Между прочим, и я предупреждал об этом, советуя не доводить нашу эскадру до боя с японским флотом.
* После хотели вслед за эскадрой Рождественского послать наш скромный черноморский флот, совершенно оголив Черное море. На этом настаивали Великий Князь Александр Михайлович и граф Гейден и склоняли Государя. Граф Ламсдорф приходил ко мне советоваться. Я ему высказал, что посылка этой эскадры ничему не поможет на Дальнем Востоке, совершенно обессилив нас в Черном море, а главное, представляет акт, противный международным трактатам. Нарушение трактатов несомненно вызовет большие осложнения в Европе и, как только наш черноморский флот покинет Черное море, в него войдет английский флот. Граф Ламсдорф всячески {348} противодействовал посылке черноморского флота, но, как министр иностранных дел, базировался лишь на соображениях дипломатических. В моем архиве имеется печатная записка по этому предмету графа Ламсдорфа. В данном случае его влияние взяло верх. (См. об этом также -Воспоминания ВК Александра Михайловича, на нашей странице - ; ldn-knigi)
В связи с делом об эскадре Рождественского находилось дело о покупке аргентинского флота. История эта также безумна по своему политическому основанию, как, в особенности, по исполнению. По политическому основанию она нелепа потому, что, если бы эта покупка совершилась, то державы, поддерживавшие Японию, в этой покупке нашли бы предлог усилить японский флот под тою или другою формою своим флотом, так как продажей Аргентиной России своего флота нарушался принцип нейтралитета. Что же касается исполнения этой покупки, то этим делом под флагом большой секретности занимались такие господа как Котю (Панама), адмирал Абаза, который ездил заграницу, изменял свою фамилию, переодеваясь, брея свою бороду и усы - одним словом, с полнейшей конспирацией, а к ним прилепились десятки темных дельцов.

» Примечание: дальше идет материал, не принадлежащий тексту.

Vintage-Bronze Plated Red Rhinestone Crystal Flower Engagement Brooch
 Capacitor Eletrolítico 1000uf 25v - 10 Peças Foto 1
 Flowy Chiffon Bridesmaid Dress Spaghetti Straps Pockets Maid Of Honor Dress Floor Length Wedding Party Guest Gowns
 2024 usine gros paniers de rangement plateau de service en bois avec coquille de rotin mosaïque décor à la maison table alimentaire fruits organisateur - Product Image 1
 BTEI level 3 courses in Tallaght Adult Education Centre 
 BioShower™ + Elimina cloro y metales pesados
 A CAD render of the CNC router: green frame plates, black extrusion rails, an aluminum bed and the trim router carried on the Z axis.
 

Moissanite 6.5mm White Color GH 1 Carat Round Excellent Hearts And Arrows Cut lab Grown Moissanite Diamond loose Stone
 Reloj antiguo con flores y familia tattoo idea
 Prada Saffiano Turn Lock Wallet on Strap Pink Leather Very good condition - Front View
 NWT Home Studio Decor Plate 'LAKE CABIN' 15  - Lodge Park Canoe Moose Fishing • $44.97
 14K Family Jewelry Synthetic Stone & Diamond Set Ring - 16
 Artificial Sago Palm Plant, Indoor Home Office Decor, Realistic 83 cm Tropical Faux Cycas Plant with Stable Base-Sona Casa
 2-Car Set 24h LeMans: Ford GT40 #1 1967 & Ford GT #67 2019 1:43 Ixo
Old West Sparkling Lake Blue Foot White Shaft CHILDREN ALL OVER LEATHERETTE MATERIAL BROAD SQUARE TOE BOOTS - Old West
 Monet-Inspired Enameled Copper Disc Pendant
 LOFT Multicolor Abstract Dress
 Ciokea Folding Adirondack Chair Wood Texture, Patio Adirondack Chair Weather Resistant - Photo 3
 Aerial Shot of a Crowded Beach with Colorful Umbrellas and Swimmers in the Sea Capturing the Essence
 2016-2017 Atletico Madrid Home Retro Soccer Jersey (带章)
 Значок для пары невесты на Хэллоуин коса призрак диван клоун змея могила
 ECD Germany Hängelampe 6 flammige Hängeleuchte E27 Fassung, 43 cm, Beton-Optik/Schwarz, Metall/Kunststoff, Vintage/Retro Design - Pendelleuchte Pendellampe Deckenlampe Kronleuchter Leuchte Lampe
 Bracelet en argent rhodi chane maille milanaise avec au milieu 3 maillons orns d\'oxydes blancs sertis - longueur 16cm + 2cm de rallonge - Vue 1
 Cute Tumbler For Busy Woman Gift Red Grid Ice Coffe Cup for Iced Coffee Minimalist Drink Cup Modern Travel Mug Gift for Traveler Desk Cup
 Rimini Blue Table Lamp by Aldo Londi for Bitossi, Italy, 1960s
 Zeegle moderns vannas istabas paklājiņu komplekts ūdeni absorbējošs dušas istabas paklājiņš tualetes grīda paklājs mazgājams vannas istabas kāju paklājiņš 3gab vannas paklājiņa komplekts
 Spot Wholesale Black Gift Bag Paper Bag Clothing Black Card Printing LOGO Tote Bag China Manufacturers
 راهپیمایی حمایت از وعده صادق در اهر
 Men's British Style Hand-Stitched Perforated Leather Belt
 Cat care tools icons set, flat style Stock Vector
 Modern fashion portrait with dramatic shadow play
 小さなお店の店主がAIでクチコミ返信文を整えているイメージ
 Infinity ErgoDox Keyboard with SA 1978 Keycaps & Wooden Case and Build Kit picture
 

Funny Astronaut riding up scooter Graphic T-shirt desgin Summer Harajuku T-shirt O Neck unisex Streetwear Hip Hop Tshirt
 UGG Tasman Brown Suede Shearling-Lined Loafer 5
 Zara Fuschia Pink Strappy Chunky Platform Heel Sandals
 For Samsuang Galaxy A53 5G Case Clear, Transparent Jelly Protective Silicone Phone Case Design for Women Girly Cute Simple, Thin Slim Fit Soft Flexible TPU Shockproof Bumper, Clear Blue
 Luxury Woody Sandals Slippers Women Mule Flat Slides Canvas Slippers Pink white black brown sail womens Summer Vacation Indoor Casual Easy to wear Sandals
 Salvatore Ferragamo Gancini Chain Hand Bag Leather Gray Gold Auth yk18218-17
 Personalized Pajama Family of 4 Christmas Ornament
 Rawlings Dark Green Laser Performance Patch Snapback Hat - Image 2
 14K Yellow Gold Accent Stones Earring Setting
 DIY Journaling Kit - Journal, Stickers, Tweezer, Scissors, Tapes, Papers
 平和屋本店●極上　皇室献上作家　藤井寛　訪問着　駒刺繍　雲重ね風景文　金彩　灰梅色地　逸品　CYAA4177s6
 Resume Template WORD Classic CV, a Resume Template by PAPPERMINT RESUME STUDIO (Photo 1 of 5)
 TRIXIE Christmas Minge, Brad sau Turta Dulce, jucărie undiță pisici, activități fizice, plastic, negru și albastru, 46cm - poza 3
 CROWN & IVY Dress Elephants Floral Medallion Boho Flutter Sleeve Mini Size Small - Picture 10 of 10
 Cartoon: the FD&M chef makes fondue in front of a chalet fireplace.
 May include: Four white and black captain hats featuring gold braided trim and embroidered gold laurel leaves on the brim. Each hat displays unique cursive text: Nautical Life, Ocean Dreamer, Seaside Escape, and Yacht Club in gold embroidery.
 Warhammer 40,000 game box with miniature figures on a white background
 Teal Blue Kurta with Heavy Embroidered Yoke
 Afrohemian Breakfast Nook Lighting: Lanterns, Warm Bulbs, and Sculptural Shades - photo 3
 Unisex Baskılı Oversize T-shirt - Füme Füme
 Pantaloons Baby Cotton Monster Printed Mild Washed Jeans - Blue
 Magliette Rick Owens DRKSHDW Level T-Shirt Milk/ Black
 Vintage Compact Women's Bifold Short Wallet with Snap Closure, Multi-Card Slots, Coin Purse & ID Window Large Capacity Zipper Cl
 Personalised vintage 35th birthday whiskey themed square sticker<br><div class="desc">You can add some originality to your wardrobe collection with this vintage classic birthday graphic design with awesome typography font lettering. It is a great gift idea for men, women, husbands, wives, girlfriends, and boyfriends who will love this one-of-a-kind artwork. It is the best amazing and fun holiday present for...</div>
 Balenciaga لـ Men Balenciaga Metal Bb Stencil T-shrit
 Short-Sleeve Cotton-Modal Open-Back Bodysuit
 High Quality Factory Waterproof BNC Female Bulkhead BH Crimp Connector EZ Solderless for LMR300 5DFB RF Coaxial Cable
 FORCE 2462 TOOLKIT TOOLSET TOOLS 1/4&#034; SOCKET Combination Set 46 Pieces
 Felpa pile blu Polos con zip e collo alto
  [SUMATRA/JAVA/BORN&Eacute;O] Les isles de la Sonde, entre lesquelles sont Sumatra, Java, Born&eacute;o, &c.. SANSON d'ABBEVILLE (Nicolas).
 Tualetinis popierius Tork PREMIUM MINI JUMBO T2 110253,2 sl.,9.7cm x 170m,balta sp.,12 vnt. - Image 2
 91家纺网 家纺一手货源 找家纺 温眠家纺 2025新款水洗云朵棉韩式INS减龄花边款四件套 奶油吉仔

Флот, конечно, приобретен не был, но были затрачены и украдены многие миллионы. Это одна между многими другими из историй безобразнейшего хищения казенных денег. *
14 и 15 мая произошел несчастнейший цусимский бой и вся наша эскадра была похоронена в японских водах. Это был последний удар той несчастной затеи, которая привела нас к японской войне.
После этого поражения у всех явилось сознание, что необходимо покончить войну миром и это течение так сильно начало проявляться, что дошло, наконец, и до трона.
Его Императорское Величество начал склоняться к мысли о примирении.
В течение всей кампании я несколько раз пытался повлиять в смысле прекращения войны, не ожидая от продолжения ее никаких для нас выгод. Но все мои попытки ни к каким результатам не приводили.
Но благодаря этим попыткам Его Величество знал, как я был против того, чтобы начинать эту войну, принесшую нам такие несчастья, так и в течение войны стремился, - и не скрывал моих мыслей перед Его Величеством, - не доводить войну до крайности и покончить скорее дело миром; так как я был {349} уверен, что чем раньше мы пойдем на мирные переговоры, тем лучшие результаты нами будут достигнуты.
После Цусимского боя генерал-адмирал Великий Князь Алексей Александрович и морской министр Авелан просили Государя их уволить. Этот поступок Великого Князя и Авелана был в высокой степени благородный. Они высказались в том смысле, что раз флот потерпел такое крушение - лица, стоявшие во главе флота, не могут более оставаться в том же положении.
Еще до Цусимского боя вместо адмирала Макарова, начальником нашей дальневосточной эскадры, т.е. начальником нескольких судов, оставшихся во Владивостоке, был назначен адмирал Бирилев. После Цусимского поражения, очевидно Бирилеву нечего было делать на Дальнем Востоке и поэтому не успел он туда приехать, как вернулся обратно и был назначен морским министром.
Бирилев был морским министром в моем министерстве после 17-го октября 1905 года, затем был министром в министерстве Горемыкина и в министерстве Столыпина.
По мере наших военных неудач смута и революционное течение в России все более и более увеличивались; вследствие этого, 21 мая петербургский генерал-губернатор Трепов был назначен товарищем министра внутренних дел и ему были даны особые полномочия по заведыванию полицией. В сущности Трепов сделался, - впрочем он и ранее был, - негласным диктатором.
Почтеннейший министр внутренних дел Булыгин являлся лишь ширмой; он занимался всеми спокойными делами, а все неспокойные дела находились в полном произвольном распоряжении генерала Трепова, а так как в то время вся Россия была в неспокойном, состоянии, то из этого очевидно, что роль министра внутренних дел Булыгина была совершенно стушевана.